債務整理:「多額のお金の支払い」は専門家の話を聞いてから。
80を超える老夫婦が来た。
老夫婦の自宅に、東京で暮らしていて音信もしばらく途絶えていた娘から電話がきた。「借金を支払えという督促状が裁判所から来た。困っている、支払をしてくれないか」
娘にはとりあえずその書面を送れと言ったら送ってきた。本物かどうかわからないので弁護士事務所に相談に来たという。
私が確認したところ、それは100万円の支払督促の書面で本物に間違いない。しかし、もう既に確定しまっている。
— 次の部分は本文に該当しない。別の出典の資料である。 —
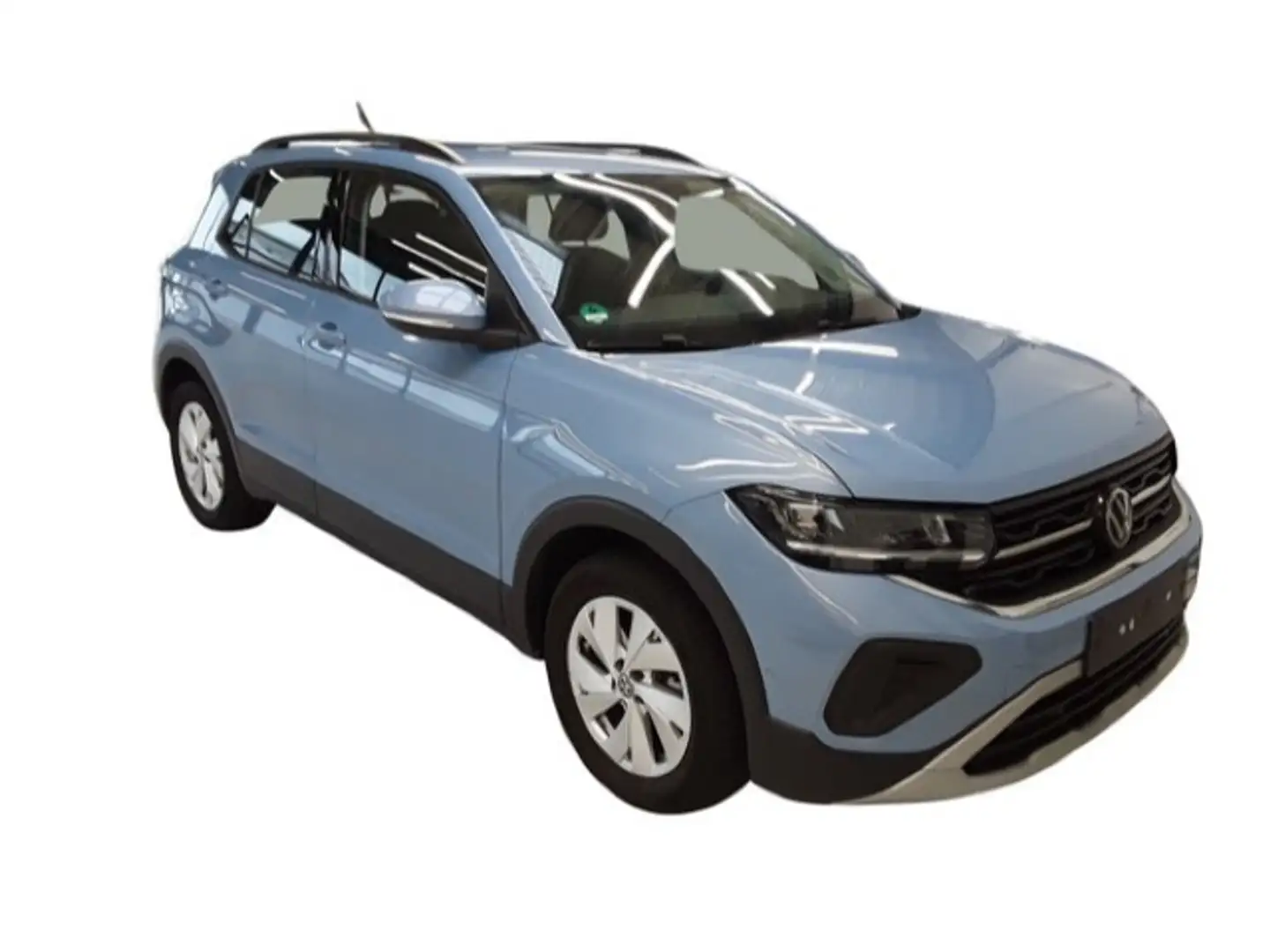 Volkswagen T-Cross 1.0 TSI Life DSG *ACC*R-CAM*NAV*SHZ* Azul - 2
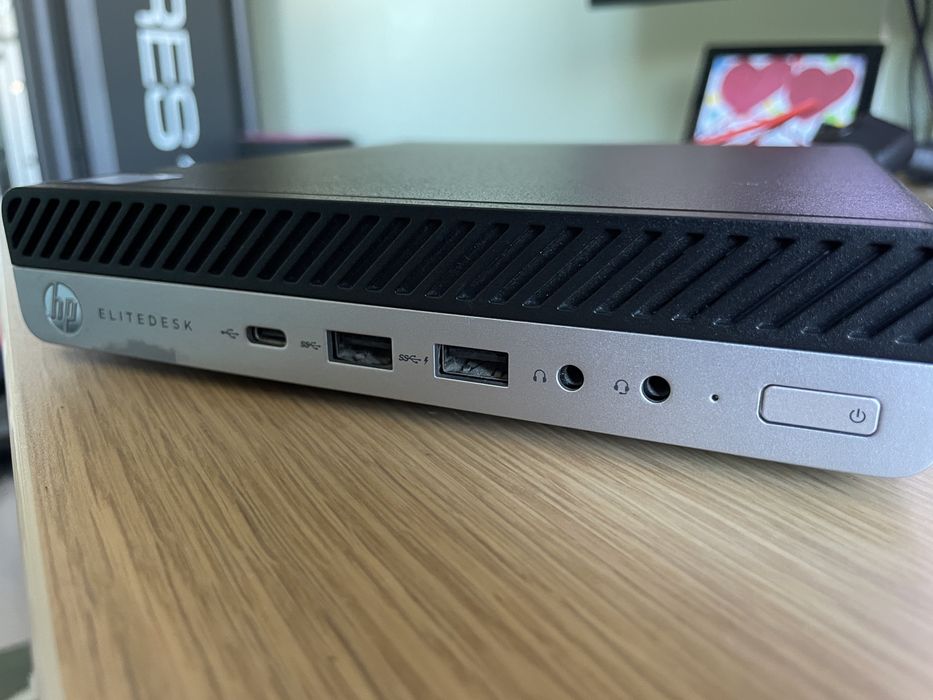 Komputer Hp ProDesk 800 G3 mini core i5 7gen 4gb ram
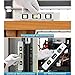 LUCKUT 9inch Level & Tool Magnetic Aluminum Reinforced Torpedo Level, 9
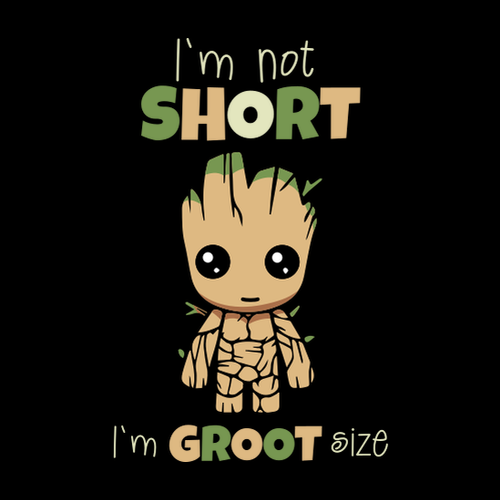 Dámske tričko Groot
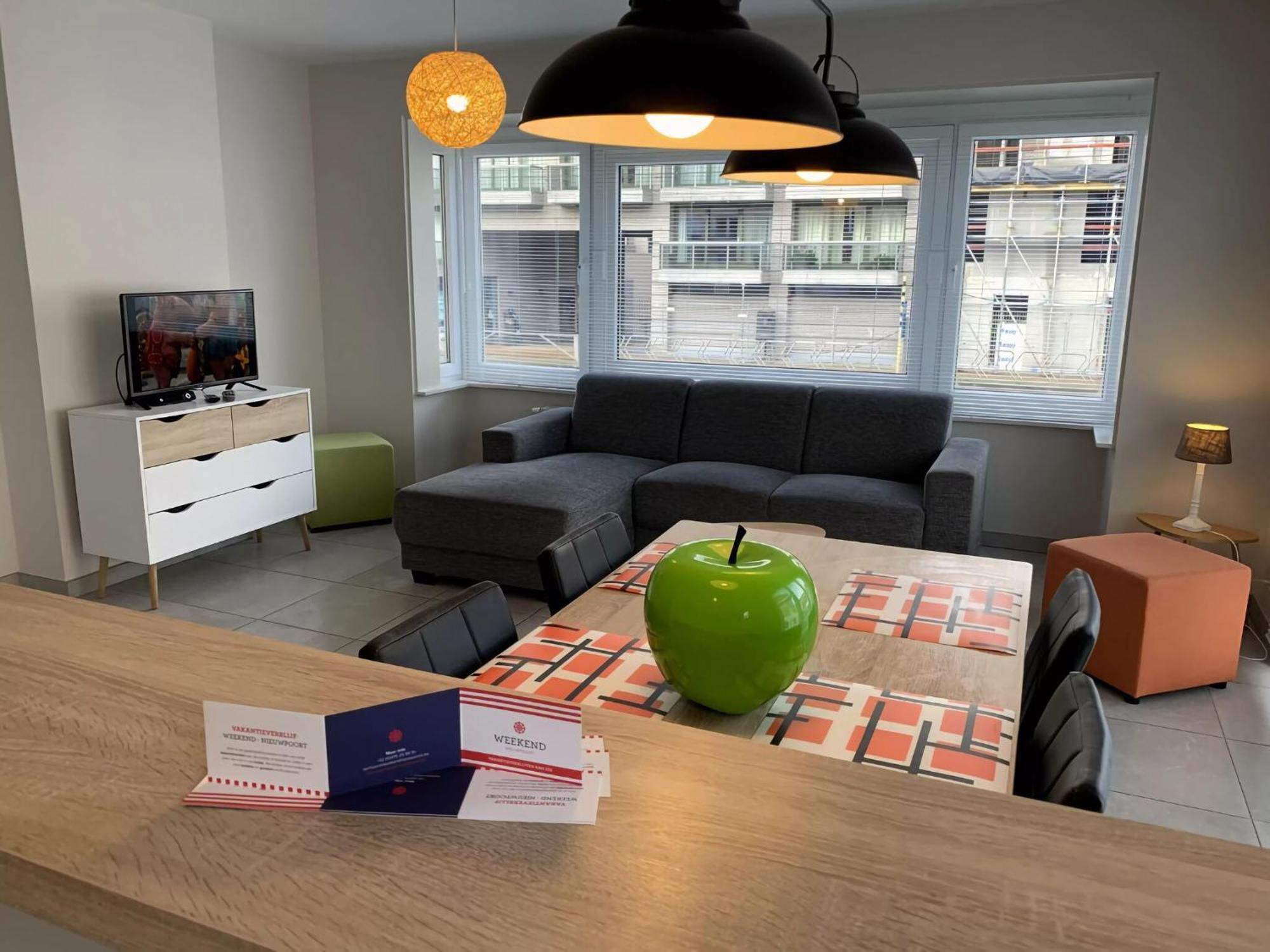 Beautiful Apartment In A Top Location Nieuwpoort Bagian luar foto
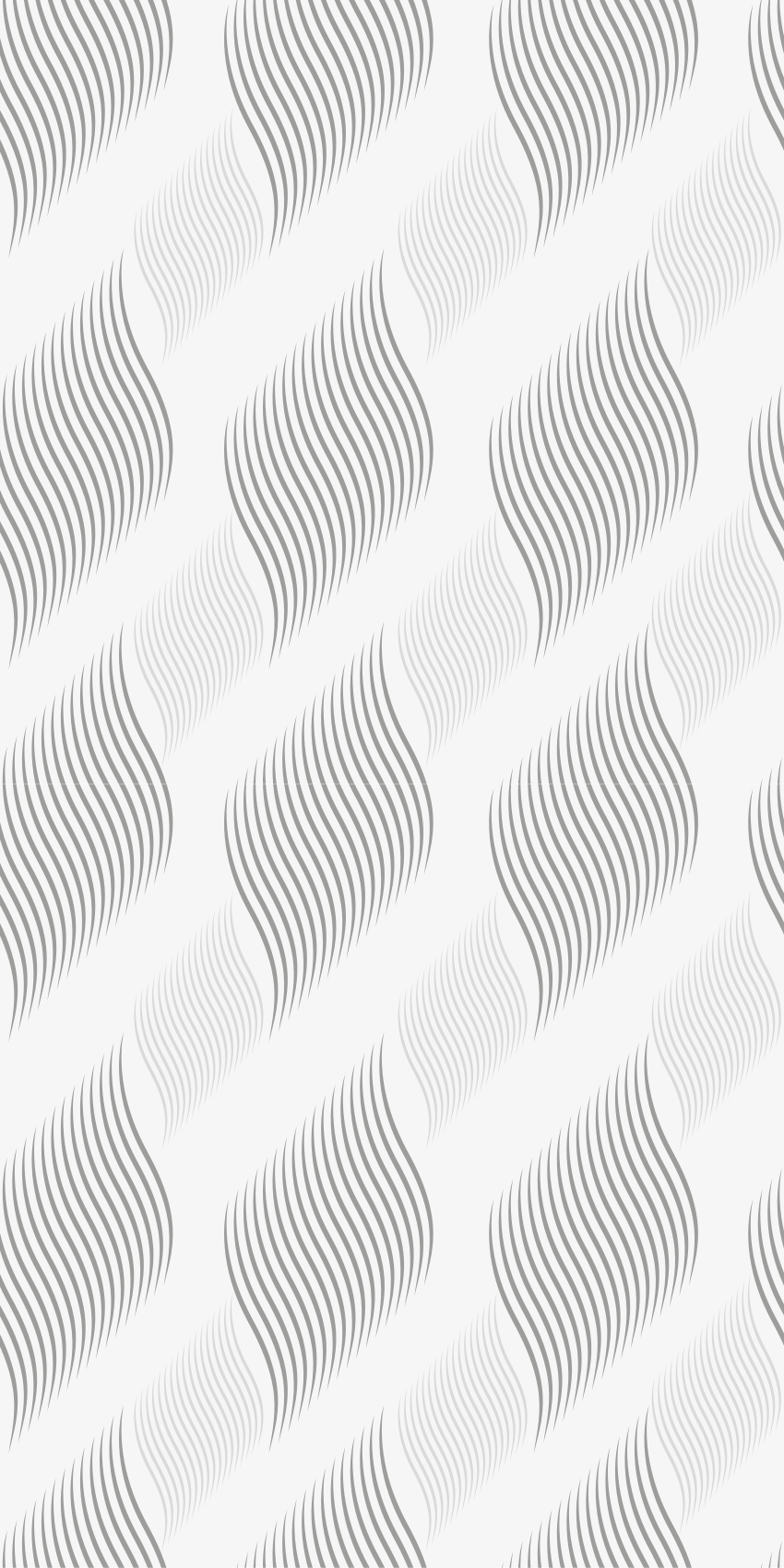 Vinylmatta sovrum retro mönster i ljusgrå nyanser - Tenstickers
夫婦にこれをどうするのか確認したところ、「娘は他にも借金があってとても支払いはできない。他人に迷惑をかけられないから自分たちが支払うしかない」と答えた。
でも、年金暮らしの老夫婦に100万円を支払わせるのはその夫婦の生活を困窮させるだけだ。しかも娘さんが多重債務だとしたらまた同じようなことが起こるだろう。100万円の支払いをしても何の解決にもならない。まずは娘さんの生活や債務の状況を聞いて債務整理を促すのが先だろう。だから、ひとまず娘さんを連れてきて一緒にもう一度打合せをしてみませんか、という助言をしたところ、老夫婦も納得してくれた。
特殊詐欺、オレオレ詐欺、とこれは似たような話だ。騙されてはいないが、一つ間違えば、ムダなお金を支払って老夫婦が自らの首を絞めることになるところだった。
「多額のお金の支払い」を迫られたら、まずは落ち着いて専門家の話を聞いてみてほしい。と思っています。